_Activity_
Take the entries below and reproduce exactly the portion that begins at the line containing "Brass Ganesha in" and ends at the line containing "Cholula bottles wooden tops", keeping both ends, dropping pictures, and adding nothing else.

_Entries supplied_

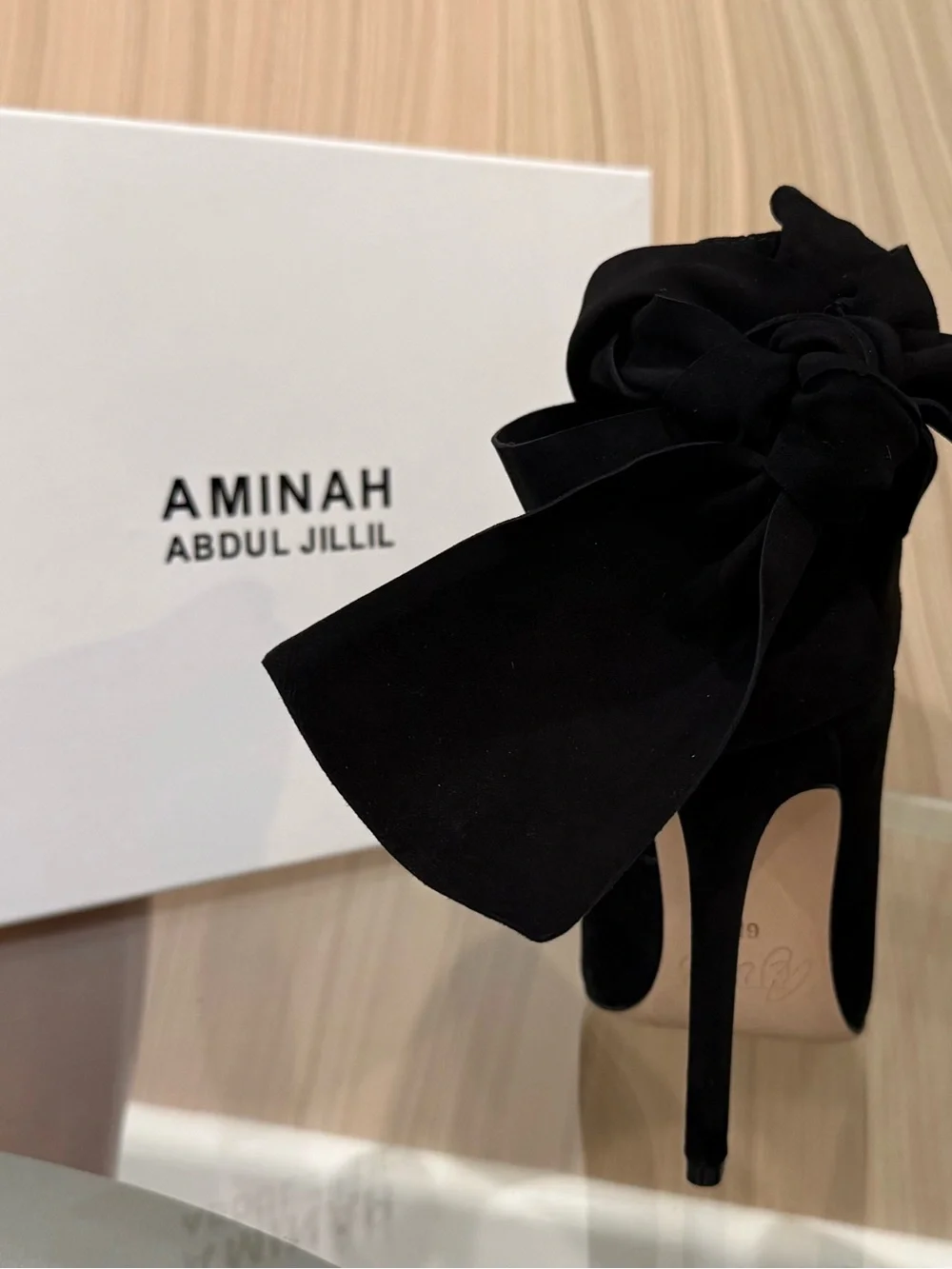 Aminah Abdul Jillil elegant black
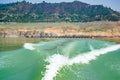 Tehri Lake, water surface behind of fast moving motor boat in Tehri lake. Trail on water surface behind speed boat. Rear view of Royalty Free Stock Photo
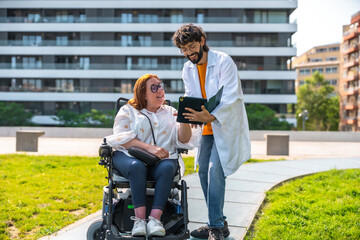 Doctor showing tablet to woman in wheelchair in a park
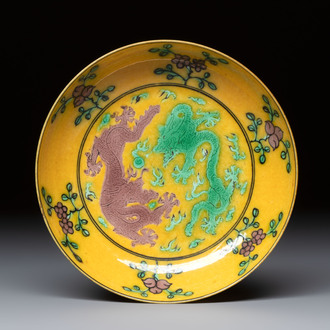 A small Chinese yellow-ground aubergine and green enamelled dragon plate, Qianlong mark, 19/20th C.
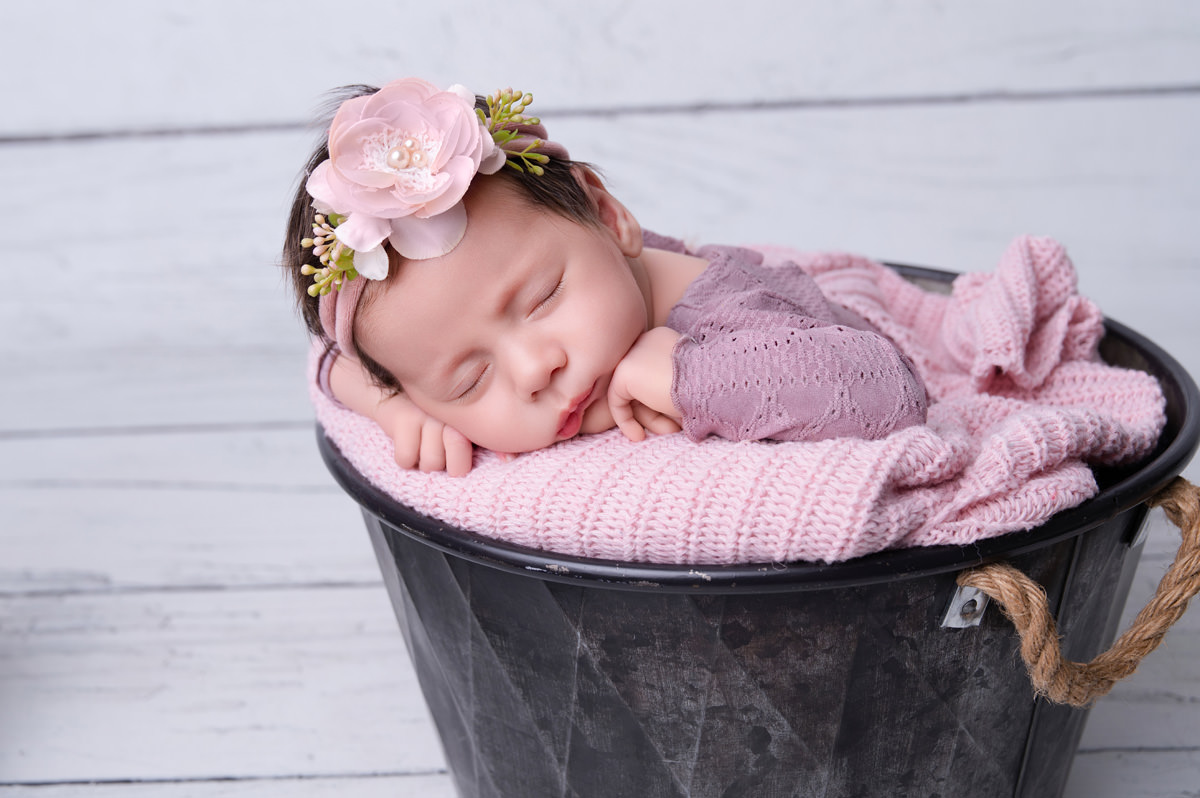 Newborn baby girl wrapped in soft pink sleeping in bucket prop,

--

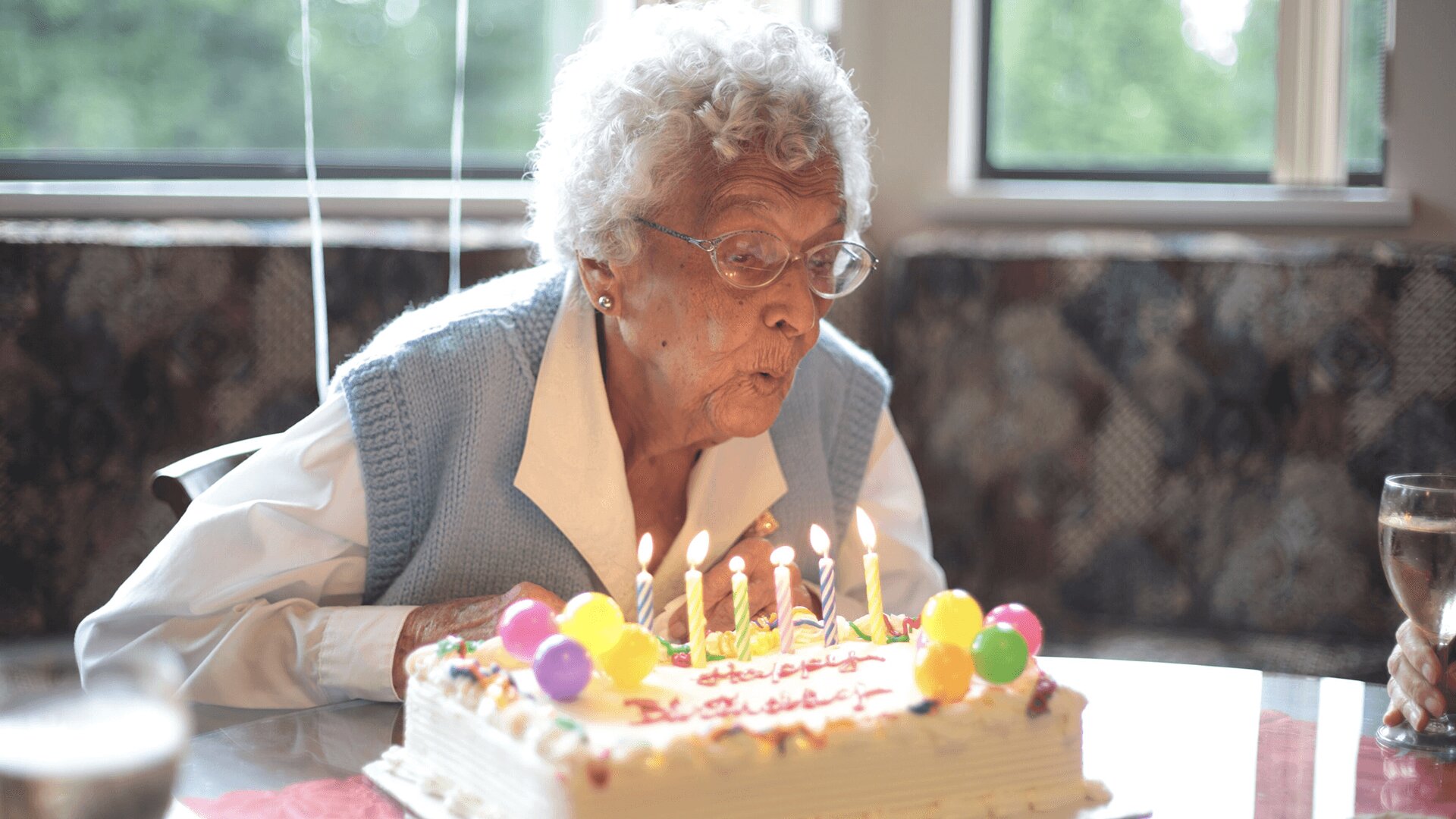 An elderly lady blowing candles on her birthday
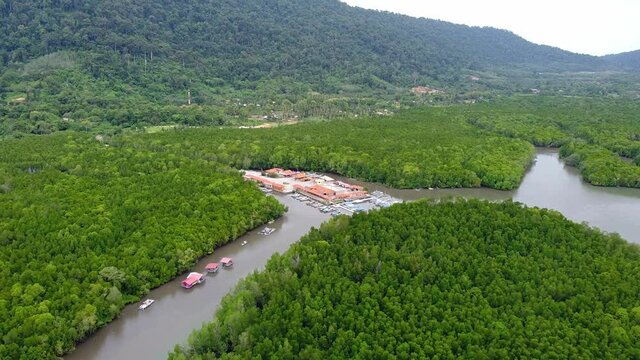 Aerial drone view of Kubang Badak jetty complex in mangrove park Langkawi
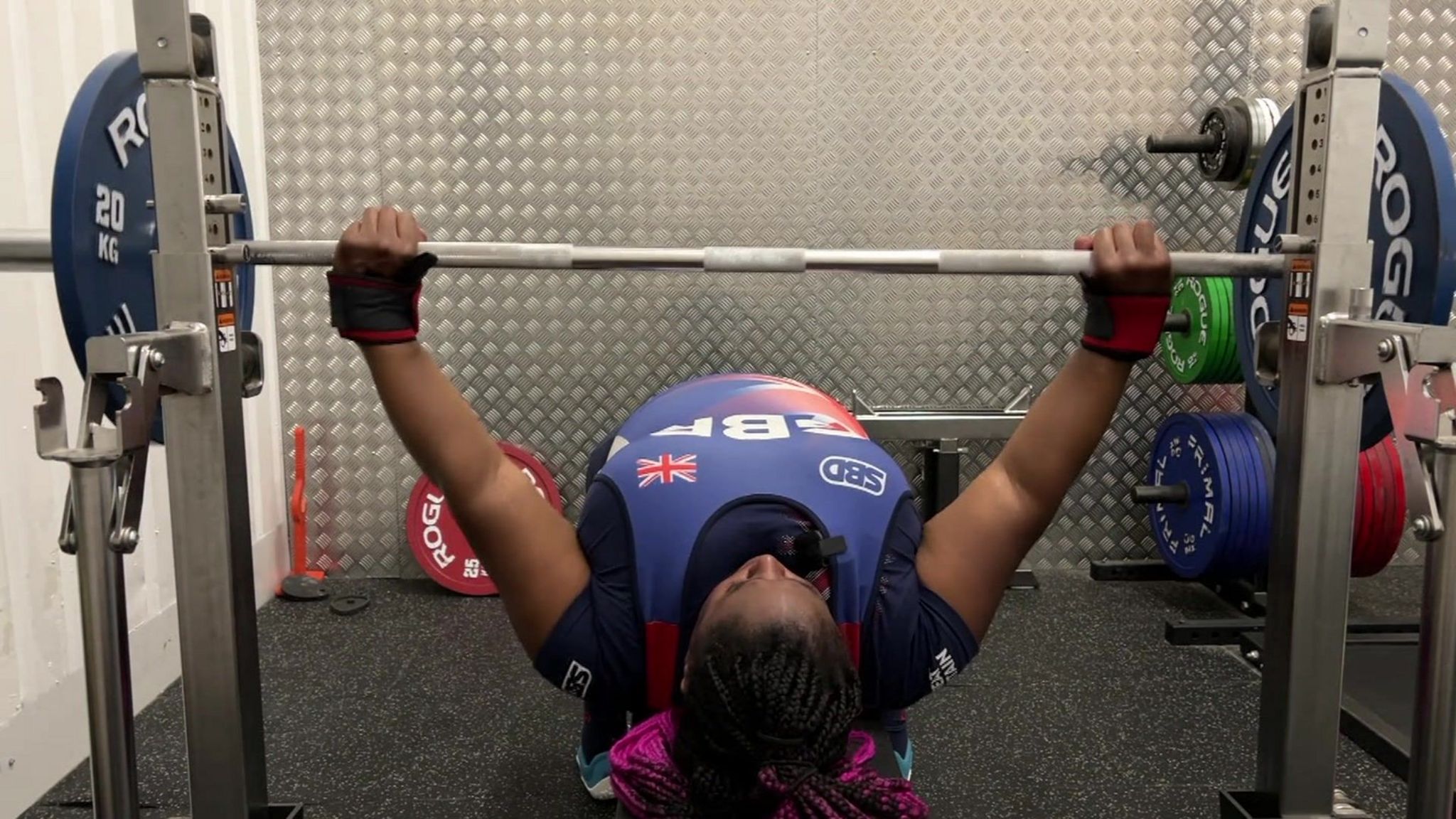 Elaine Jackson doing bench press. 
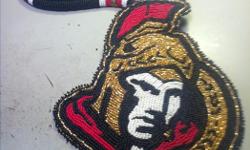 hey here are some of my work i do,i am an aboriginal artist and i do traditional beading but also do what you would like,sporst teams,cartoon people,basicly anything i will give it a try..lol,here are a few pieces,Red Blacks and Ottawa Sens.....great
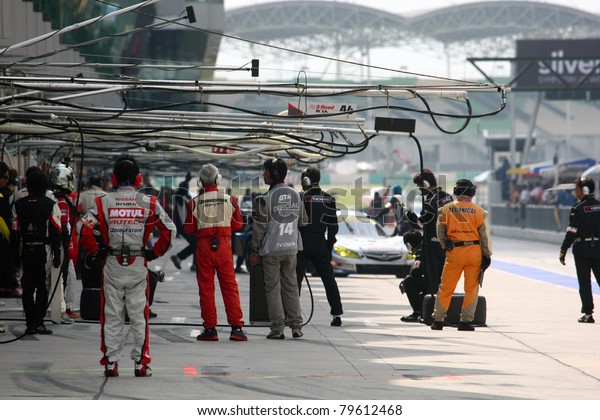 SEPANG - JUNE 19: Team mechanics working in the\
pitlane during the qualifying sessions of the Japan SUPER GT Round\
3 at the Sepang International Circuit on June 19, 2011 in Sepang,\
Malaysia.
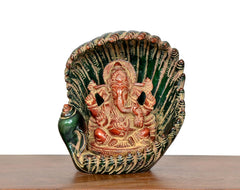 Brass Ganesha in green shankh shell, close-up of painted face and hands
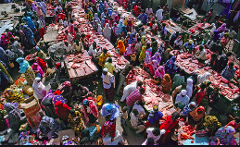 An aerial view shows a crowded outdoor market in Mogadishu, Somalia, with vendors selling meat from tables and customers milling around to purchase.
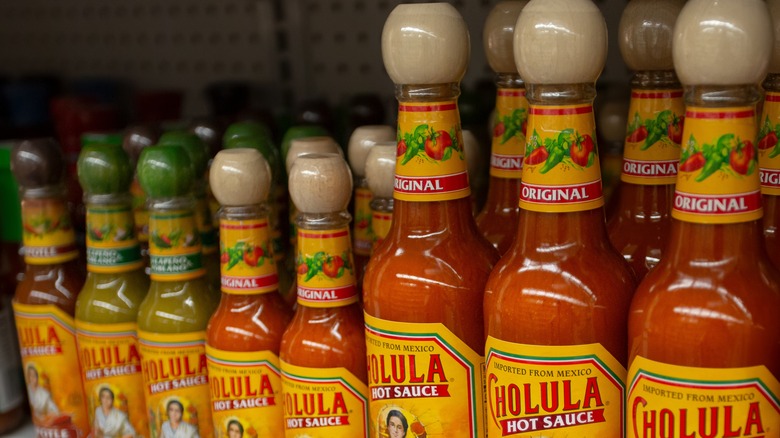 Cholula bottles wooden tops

_Exercise solution_
 Brass Ganesha in green shankh shell, close-up of painted face and hands
 An aerial view shows a crowded outdoor market in Mogadishu, Somalia, with vendors selling meat from tables and customers milling around to purchase.
 Cholula bottles wooden tops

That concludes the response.